Optionskommune Vorpommern-Rügen?

Kommunales Jobcenter auf der Agenda des Kreistages am 19. Dezember

Grimmen/Rügen (gü/DR). Die Mitglieder des Haushalts- und Finanzausschusses des Kreistages werden sich am heutigen 23. November zu ihrer konstituierenden Sitzung treffen. Diese beginnt um 16 Uhr im Kreistagssaal (Kreisverwaltung Grimmen, Bahnhofstraße 12/13). Nach den Wahlen zum Vorsitzenden und seinen Stellvertretern haben sich die Mitglieder u.a. über das Thema Optionskommune zu verständigen.

So soll die weitere Betreuung der von Langzeitarbeitslosigkeit betroffenen Bürger und ihrer Familien in den Händen der Kreisverwaltung liegen.

Der ehemalige Landkreis Nordvorpommern hatte mit Zweidrittelmehrheit auf einer seiner letzten Sitzungen beschlossen, die Betreuung der langzeitarbeitslosen Einwohner in einem Kommunalen Jobcenter in Eigenregie zu übernehmen. Bislang geschieht dies noch in gemeinsamen Einrichtungen von Landkreis und der Bundesagentur für Arbeit, in der ARGE. „Wir wollen das Beste für unsere hilfebedürftigen Bürger und ihre Familien vor Ort erreichen“, betont Landrat Ralf Drescher (CDU) in diesem Zusammenhang und setzt auf Eigenverantwortung.
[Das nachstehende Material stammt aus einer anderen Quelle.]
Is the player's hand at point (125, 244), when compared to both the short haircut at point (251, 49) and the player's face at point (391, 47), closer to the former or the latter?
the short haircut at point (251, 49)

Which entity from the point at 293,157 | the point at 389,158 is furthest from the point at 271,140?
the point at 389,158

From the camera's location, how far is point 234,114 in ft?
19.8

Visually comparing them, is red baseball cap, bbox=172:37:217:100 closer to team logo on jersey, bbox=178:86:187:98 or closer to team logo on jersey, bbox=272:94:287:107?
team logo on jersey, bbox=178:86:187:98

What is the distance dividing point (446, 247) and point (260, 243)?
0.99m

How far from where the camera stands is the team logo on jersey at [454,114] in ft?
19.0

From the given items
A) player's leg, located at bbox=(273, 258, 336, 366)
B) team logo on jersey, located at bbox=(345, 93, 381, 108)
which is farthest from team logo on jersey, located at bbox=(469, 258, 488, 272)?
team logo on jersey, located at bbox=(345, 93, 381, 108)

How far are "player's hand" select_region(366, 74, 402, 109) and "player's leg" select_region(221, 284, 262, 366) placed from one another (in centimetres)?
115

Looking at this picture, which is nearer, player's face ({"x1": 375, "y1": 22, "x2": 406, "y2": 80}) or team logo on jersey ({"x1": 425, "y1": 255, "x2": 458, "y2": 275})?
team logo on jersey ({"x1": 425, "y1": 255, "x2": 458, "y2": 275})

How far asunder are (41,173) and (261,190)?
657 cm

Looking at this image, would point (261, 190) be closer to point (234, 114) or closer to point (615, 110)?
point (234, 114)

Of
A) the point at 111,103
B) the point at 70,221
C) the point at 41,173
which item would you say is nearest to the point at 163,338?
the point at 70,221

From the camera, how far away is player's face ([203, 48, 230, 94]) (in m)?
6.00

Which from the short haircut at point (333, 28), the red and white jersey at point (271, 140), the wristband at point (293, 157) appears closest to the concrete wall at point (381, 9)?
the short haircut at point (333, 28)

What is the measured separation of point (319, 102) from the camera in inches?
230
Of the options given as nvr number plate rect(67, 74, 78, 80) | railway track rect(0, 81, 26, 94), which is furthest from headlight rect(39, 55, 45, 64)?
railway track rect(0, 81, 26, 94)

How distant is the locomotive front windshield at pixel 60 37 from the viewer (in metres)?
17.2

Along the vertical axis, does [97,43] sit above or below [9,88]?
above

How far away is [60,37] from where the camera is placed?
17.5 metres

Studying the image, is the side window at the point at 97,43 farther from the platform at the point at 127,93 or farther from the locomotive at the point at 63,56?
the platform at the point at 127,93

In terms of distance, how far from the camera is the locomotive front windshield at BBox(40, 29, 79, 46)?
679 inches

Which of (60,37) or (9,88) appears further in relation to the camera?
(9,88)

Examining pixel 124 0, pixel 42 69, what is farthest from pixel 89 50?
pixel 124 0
„Nordvorpommern hat mit seinem Konzept Landes- und Bundesregierung überzeugt und so die Zulassung erhalten, ab Januar 2012 ein Jobcenter in Eigenregie zu führen“, untermauert Drescher. „Die Vorbereitungen für das Kommunale Jobcenter im Gebiet des ehemaligen Landkreises Nordvorpommern sind auf einem sehr guten Stand und mit der Bundesagentur für Arbeit haben wir dabei bislang sehr kooperativ zusammengearbeitet“, betont der Landrat.

„Die effektivste Gestaltung einer ganzheitlichen Arbeitsmarkt- und Sozialpolitik unter Einbeziehung aller Kompetenzen des Landkreises ist die kurz formulierte Zielstellung dieses kommunalen Jobcenters. Dahinter verbirgt sich, dass bei der Betreuung alle Bereiche wie Jugend, Schulen, Soziales, Gesundheit oder auch Wirtschaftsförderung eng zusammenarbeiten und vor allem auch der Landkreis mit seinem Kreistag, den Gremien und der Verwaltung eigene Prioritäten bei Arbeitsvermittlung, Qualifizierung und ganzheitliche Betreuung der Familien setzen können. Die Gegebenheiten vor Ort können besser berücksichtigt werden“, so seine Einschätzung. Entscheiden wird der Kreistag am 19. Dezember.